• MATERIAL FOR THE TASK

::::::::

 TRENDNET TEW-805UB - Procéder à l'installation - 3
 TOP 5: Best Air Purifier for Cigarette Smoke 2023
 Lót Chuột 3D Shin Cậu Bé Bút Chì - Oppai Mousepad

::::::::

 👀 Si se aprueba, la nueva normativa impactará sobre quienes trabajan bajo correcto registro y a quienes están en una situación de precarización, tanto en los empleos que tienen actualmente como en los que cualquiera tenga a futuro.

::::::::

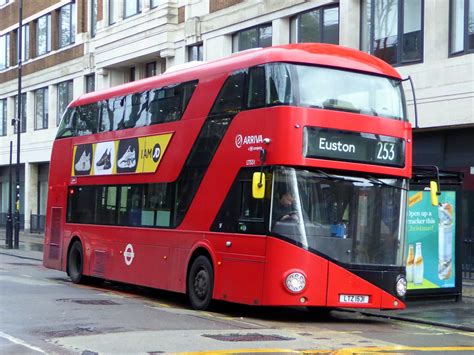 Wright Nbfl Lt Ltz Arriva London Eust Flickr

::::::::

Please, from the material above, copy only the lines from the line with "TRENDNET TEW-805UB - Procéder" up to and including the line with "Lót Chuột 3D", exactly as written.

 TRENDNET TEW-805UB - Procéder à l'installation - 3
 TOP 5: Best Air Purifier for Cigarette Smoke 2023
 Lót Chuột 3D Shin Cậu Bé Bút Chì - Oppai Mousepad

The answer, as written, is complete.